[Task requirements] Every line of the listing below from the one with "Dump trucks with" up to and including the one with "rick-saruna-smoking-cessation-explaining-program-windsor Body &" should be retyped exactly, and nothing else; pictures are not part of the copy.

[Dataset content]
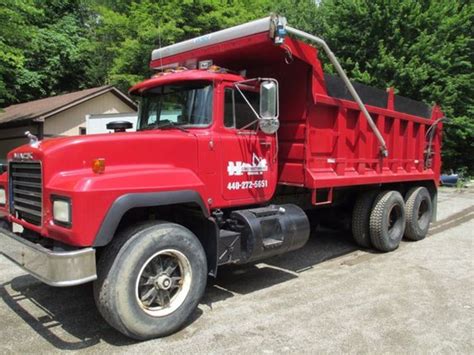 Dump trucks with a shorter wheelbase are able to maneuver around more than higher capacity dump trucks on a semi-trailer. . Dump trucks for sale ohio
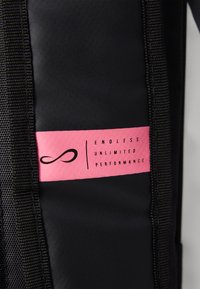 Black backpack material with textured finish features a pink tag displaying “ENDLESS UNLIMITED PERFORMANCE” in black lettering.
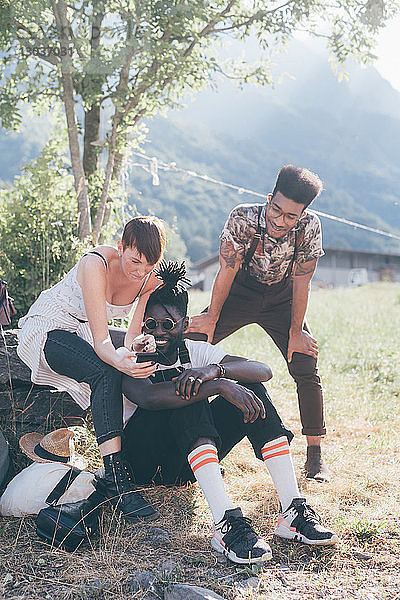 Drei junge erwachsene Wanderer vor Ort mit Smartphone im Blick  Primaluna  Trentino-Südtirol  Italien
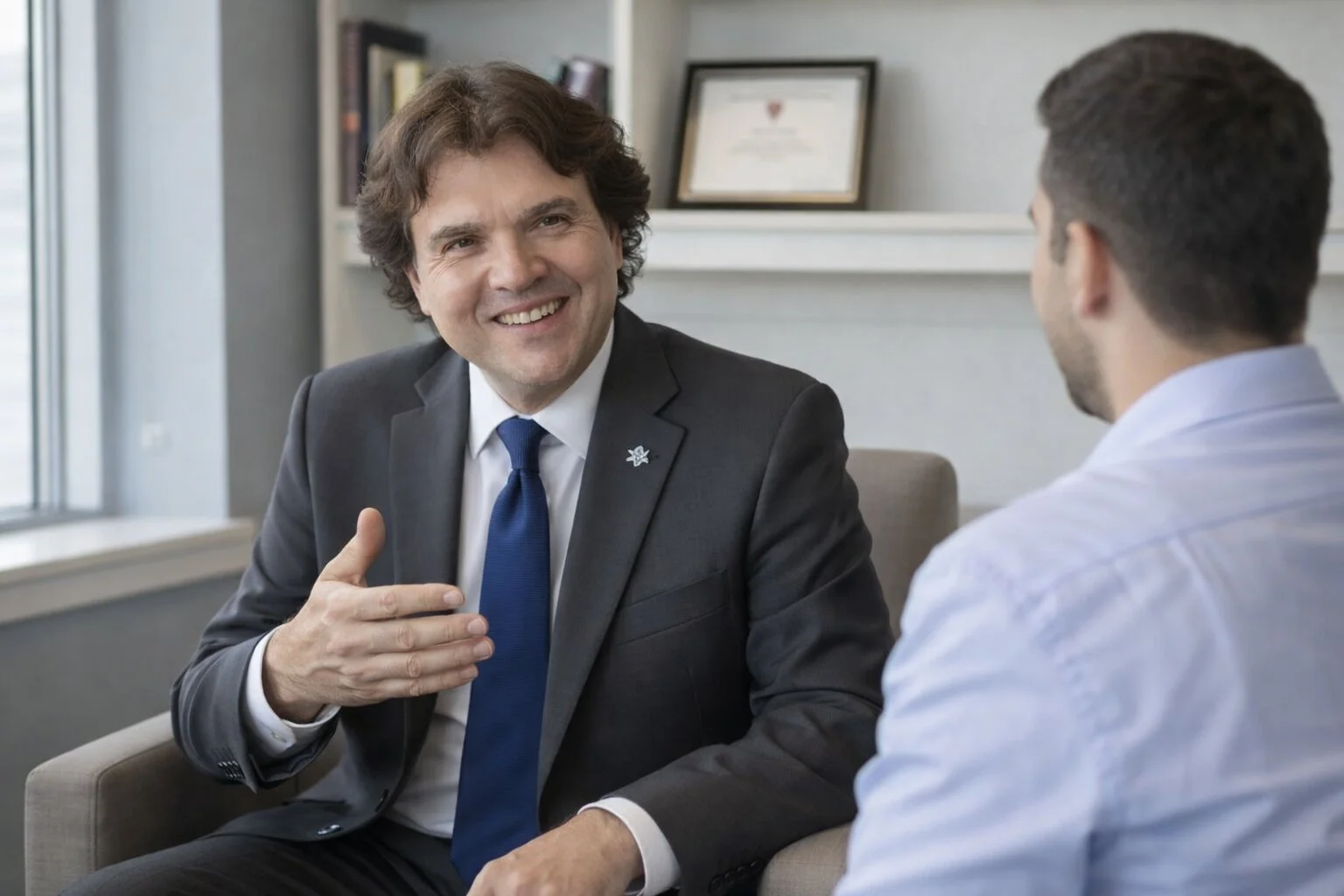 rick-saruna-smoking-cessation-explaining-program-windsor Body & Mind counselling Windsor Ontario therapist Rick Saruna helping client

---

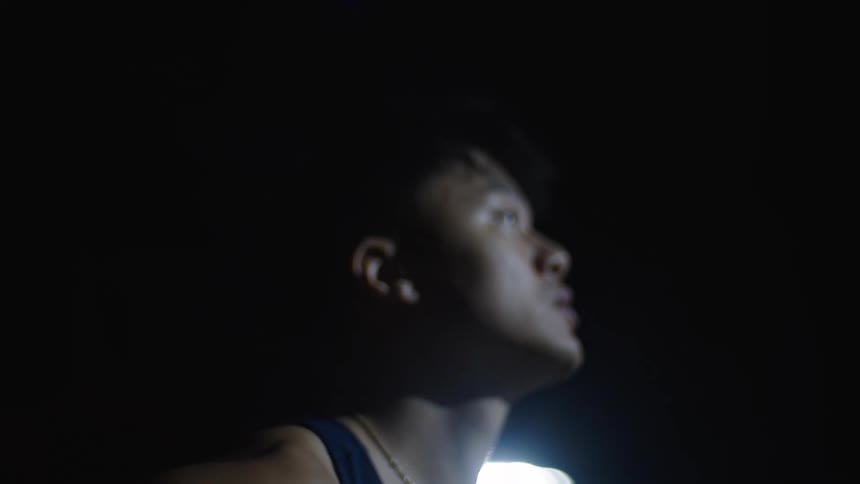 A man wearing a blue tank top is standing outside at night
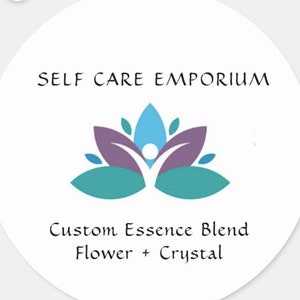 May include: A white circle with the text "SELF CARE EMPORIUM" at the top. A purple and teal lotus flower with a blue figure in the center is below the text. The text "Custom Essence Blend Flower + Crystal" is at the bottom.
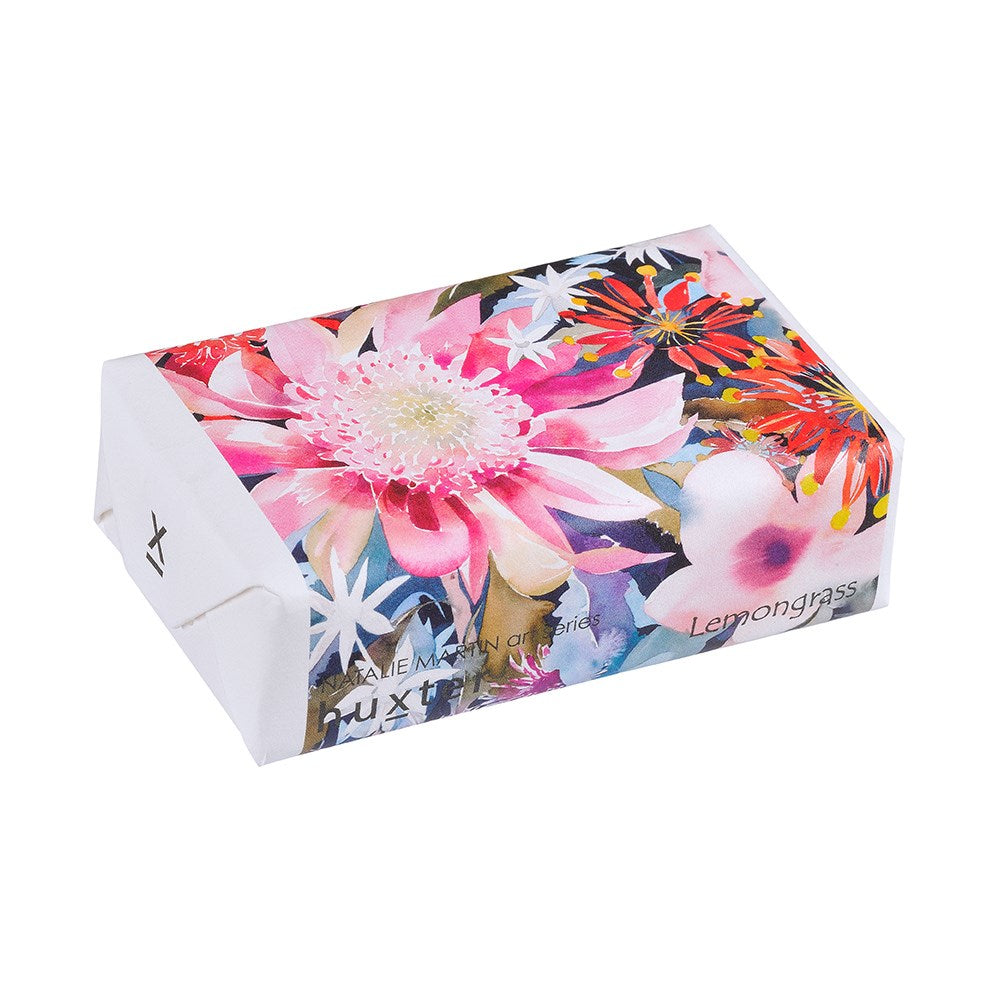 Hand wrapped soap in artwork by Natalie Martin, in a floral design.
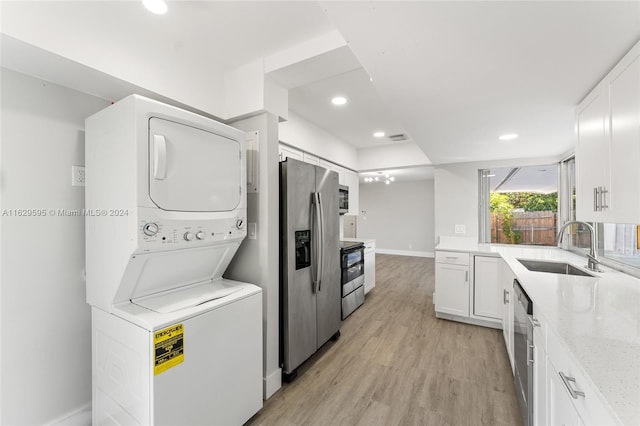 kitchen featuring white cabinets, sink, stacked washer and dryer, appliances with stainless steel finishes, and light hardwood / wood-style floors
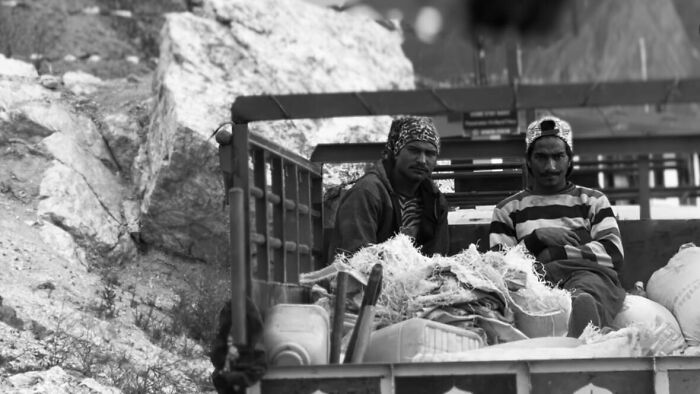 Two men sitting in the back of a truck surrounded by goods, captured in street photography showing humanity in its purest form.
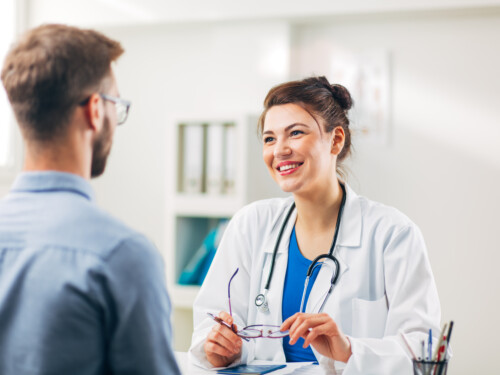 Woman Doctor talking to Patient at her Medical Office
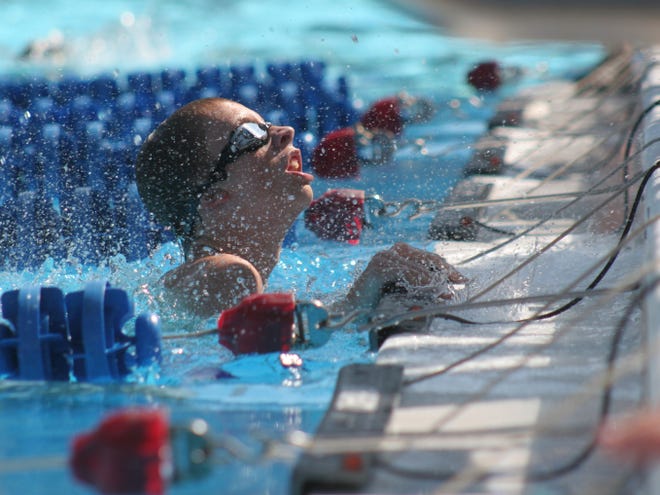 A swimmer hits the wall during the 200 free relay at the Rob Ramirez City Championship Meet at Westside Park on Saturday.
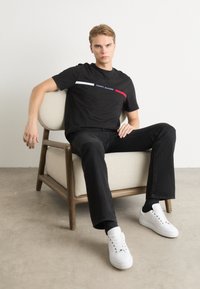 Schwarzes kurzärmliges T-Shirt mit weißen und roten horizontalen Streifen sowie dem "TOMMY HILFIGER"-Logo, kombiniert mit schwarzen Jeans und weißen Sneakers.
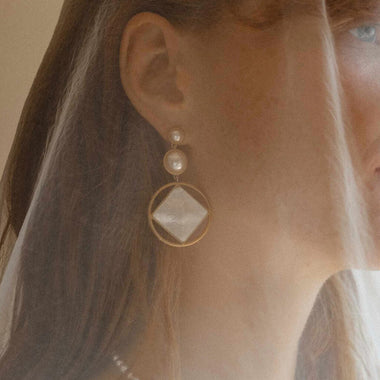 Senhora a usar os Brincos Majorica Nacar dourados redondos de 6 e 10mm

[Response for this exercise]
 Dump trucks with a shorter wheelbase are able to maneuver around more than higher capacity dump trucks on a semi-trailer. . Dump trucks for sale ohio
 Black backpack material with textured finish features a pink tag displaying “ENDLESS UNLIMITED PERFORMANCE” in black lettering.
 Drei junge erwachsene Wanderer vor Ort mit Smartphone im Blick  Primaluna  Trentino-Südtirol  Italien
 rick-saruna-smoking-cessation-explaining-program-windsor Body & Mind counselling Windsor Ontario therapist Rick Saruna helping client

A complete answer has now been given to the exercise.